The six scenarios shown in Fig. 6 are formed by controlling two changes and one constant for each of the three types of vehicles. When the ratio of controlling the number of different types of cars is changed, the optimal points all change slightly, as shown in Table 7.

Fig. 6

Line chart of changing the proportion of the number of any two vehicles. Note↑ indicates an increase, ↓ indicates a decrease, and ~ indicates no change

Table 7 Optimal position under the change of the proportion of the two kinds of cars

When the proportion of N₁ quantity increases and the proportion of N₂ and N₃ quantity decreases in different proportions, there is an increasing trend of pollutant emissions and a decreasing trend of costs. When the proportion of N₂ quantity increases the N₁ and N₃ quantities decrease in different proportions. Meanwhile, there is an upward trend of cost and a downward trend of pollutant emissions. When the ratio of N₃ quantity increases and the ratio of N₁ as well as N₂ decreases is 0.4 and 0.6, there is an increasing trend of pollutants and a decreasing trend of costs. After this ratio, there is a downward trend in pollutant emissions and an upward trend in costs. All the best points are in the fluctuation range of 1%. The above phenomenon occurs mainly because the pollutant emissions of N₁ are high. When the starting quantity is high, the overall pollutant emissions are high. Additionally, as the ratio of N₂ and N₃ quantities rises and the ratio of N₁ quantities decreases, the air pollutant emissions will show a downward trend. When the starting quantity of N₁ is low, the air pollutants show an increasing trend as the ratio of N₂ and N₃ quantities decreases. Analyzed from the cost perspective, N₂ and N₃ are costly, and as the ratio of the number of these two increases, the cost shows an upward trend.

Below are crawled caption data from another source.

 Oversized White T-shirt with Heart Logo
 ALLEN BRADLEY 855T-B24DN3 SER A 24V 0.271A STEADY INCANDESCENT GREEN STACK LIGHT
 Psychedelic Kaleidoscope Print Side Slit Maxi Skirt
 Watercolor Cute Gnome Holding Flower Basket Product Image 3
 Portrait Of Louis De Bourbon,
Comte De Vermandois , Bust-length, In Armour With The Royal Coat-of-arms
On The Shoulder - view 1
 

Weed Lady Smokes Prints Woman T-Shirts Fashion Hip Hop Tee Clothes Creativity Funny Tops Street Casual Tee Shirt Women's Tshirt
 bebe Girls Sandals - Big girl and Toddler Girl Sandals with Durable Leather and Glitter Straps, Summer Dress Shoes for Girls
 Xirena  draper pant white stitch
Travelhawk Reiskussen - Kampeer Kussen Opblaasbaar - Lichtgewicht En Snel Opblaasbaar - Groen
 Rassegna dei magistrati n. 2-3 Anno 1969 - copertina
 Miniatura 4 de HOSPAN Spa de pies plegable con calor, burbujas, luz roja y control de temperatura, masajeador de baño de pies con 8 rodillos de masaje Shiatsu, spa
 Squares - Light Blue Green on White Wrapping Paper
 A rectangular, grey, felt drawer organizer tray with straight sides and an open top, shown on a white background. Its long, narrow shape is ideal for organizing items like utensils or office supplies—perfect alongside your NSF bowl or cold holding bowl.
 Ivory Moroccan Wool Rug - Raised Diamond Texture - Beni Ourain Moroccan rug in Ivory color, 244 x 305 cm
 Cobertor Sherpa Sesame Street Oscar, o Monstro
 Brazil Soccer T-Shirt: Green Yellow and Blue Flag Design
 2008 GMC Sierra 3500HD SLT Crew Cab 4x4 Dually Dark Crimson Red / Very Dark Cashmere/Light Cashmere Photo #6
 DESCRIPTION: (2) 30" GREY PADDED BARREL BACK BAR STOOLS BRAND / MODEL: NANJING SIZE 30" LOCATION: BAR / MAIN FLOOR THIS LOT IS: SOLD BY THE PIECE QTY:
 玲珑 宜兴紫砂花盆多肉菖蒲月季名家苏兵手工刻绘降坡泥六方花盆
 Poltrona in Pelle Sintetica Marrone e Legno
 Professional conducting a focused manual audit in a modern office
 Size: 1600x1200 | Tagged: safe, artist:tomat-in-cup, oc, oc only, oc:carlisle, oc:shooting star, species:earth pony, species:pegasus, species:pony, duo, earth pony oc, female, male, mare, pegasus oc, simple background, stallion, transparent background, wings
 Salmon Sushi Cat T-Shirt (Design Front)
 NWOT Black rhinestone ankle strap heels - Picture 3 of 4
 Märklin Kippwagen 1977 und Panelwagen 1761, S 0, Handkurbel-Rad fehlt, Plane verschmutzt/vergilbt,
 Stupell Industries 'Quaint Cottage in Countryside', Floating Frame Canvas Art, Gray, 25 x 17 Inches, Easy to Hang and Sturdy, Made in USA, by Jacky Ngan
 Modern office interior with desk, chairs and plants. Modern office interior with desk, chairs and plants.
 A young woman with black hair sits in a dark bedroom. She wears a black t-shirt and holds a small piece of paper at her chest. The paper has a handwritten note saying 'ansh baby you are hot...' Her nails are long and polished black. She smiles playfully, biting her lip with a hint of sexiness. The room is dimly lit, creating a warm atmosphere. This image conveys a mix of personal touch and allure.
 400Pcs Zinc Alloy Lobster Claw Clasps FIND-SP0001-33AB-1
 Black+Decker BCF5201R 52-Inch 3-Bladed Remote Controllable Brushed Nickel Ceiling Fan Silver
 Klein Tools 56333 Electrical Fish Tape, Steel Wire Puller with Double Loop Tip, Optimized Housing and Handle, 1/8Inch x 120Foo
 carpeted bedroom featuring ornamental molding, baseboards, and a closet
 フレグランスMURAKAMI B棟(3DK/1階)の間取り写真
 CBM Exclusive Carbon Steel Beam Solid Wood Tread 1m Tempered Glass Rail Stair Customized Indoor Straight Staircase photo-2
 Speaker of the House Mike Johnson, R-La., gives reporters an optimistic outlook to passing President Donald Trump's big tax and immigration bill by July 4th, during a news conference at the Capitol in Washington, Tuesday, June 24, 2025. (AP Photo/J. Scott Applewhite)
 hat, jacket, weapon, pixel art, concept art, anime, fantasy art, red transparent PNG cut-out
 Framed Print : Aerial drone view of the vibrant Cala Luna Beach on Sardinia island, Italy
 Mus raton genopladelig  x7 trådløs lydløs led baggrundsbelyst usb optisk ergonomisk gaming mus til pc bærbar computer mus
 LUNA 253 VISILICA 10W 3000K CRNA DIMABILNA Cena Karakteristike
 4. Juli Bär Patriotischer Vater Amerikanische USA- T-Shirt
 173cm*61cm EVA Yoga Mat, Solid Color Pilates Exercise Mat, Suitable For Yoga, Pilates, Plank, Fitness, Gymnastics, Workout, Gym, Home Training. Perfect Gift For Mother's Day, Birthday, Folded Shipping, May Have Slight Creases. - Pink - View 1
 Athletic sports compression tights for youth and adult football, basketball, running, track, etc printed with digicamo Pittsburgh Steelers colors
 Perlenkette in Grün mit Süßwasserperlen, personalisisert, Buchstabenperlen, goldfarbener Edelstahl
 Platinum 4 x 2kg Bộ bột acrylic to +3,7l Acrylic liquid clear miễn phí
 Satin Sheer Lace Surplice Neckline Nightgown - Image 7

From the Fig. 6 and Table 7, it can be learned that when N₁ is kept constant, the optimal point becomes N₂ proportional increase of 0.3% and N₃ decrease of 0.3%. N₂ itself is pollution-free, and the pollutant emission of electricity production due to charging is much lower than N₃, and in order to make the target optimal, N₂ should increase and N₃ should decrease. When N₂ is kept constant, the optimal point becomes N₁ increasing by 0.3% and N₃ decreasing by 0.3%. N₃ is more costly than N₁, and N₃'s own pollutant emission capacity is slightly lower than that of N₁, and the phenomenon of N₁ increasing and N₃ decreasing occurs in order to achieve the overall optimum. When N₃ is kept constant, the optimal point becomes N₁ decreases by 0.1% and N₂ increases by 0.1%. This is because N₁'s own pollutant emission capacity is stronger than N₃, and when N₃ remains unchanged, N₁ must be reduced and N₂ increased in order to achieve the overall optimal goal.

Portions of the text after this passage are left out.